29 N.J.L. 115 | N.J. | 1860

The opinion of the court was delivered by

Haines, J.

The prosecutor seeks to set aside the ordinance of the mayor and common council of Hudson City, by which the opening and grading of Summit avenue was ordained.

The reasons assigned embrace alleged incongruity and divers irregularities in the preliminary proceedings. The ordinance complained of was passed on the 28th of August, 1856, and the avenue opened and graded, the assessments for damages and for benefits made, and a report of the commissioners filed in April, 1857, and finally approved on the 4th of June of that year. The writ of certiorari was not applied for until the term of-*-, 1859, after the expense of the improvement had been incurred *116and the avenue recognized as a public street, and lots sold on the basis of it.

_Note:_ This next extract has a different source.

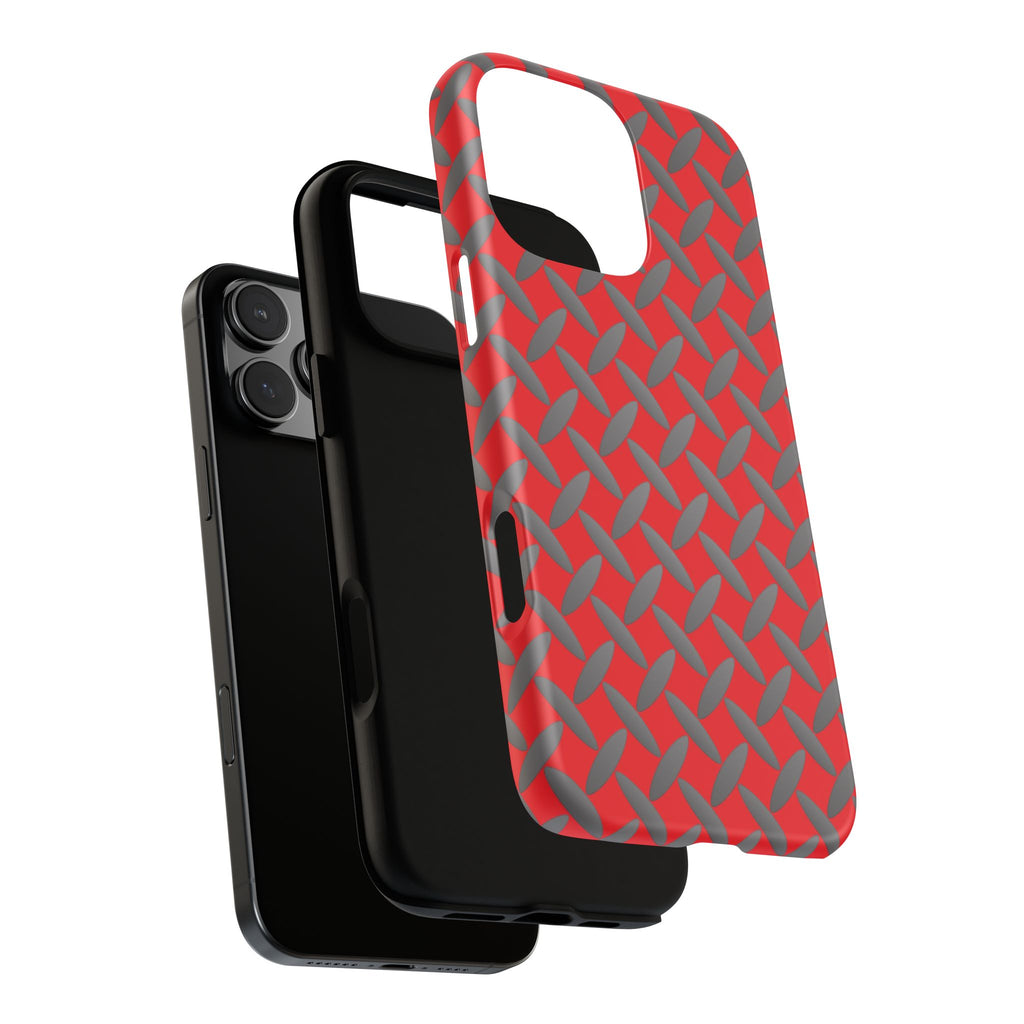 Durable Phone Case Red-iPhones Tough Cases with Stylish Diamond Plate Design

It would be unjust now to set aside tbe ordinance by which so much expenditure has been caused.

The granting of a certiorari in cases of public interest is a matter of discretion ; and after the party in interest has slept long over his supposed wrong the court will not grant him relief. To relieve him would do much injury to others, and he has no ground of complaint if the opportunity is not given to him.

After a writ of certiorari has been allowed, if on the hearing the like circumstances appear, the court may dismiss the writ as improvidently granted, or refuse the relief sought by it. State v. City of Hudson, in matter of Palisade avenue, ante 104.

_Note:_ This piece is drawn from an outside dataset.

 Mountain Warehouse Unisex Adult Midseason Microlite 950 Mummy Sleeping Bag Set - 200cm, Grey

But a further reason assigned for the action of this court is, that the assessment of benefits is not according to law.

The 42d section of the charter provides that all expenses for improvements in opening, altering, and grading streets shall be assessed upon and paid by the owners of the lands and real estate benefited by the same, in proportion to the benefit received. Acts of 1855, 786.

The assessment is here made, not according to the benefit received, but by the lineal foot; all are assessed alike at forty-one cents per foot, and this, by former decisions of this court, is wrong. State v. Newark, 1 Dutcher 399.

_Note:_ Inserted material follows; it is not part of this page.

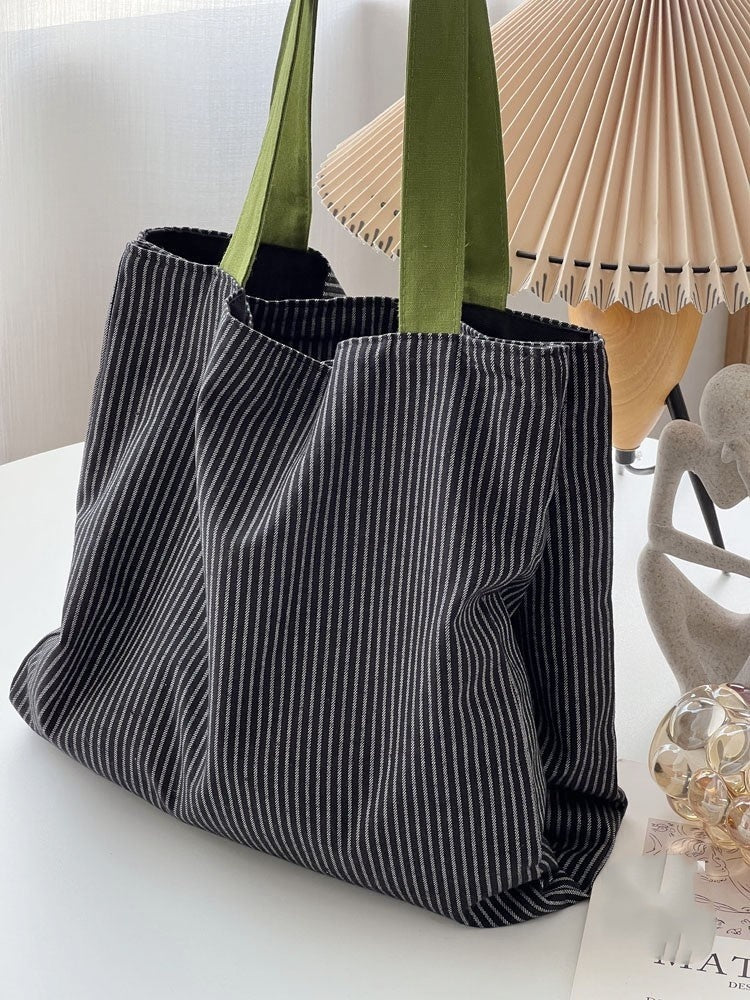 Plaid Canvas Multi-layer Tote Casual Shoulder Bag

The principle on which the commissioners made their estimate is not contemplated by the charter. To make a mere calculation on such a basis would not require the services of three judicious disinterested persons, sworn faithfully, honestly, and impartially to perform their duties. Any clerk or school-boy with a little knowledge of arithmetic could do that.

The assessment so made is not to be taken as the exercise of the discretion and judgment of the commissioners and *117a determination of the benefits. The mode of the operation excludes that idea, and their report shows that all were charged alike without discrimination. It is not an assessment in proportion to the benefits received.

The assessment of the damages sustained by the land-owners, at forty dollars per foot on eight lots, may, for aught that appears, be correct, and the fair value of the lands taken and the damage done to each lot,” and with that we are not authorized to interfere. The assessment for the benefits, having been made upon principles contrary to law and to the provisions of the charter, must be set aside, and pursuant to the provisions of 47th section, new commissioners be appointed.

Cited in Huffman v. Sutton, 3 Vr. 64; State v. Gardner, 5 Vr. 328 ; State v. Inhabitants of Trenton, 7 Vr. 506; State v. Essex Public Road Board, 8 Vr. 337.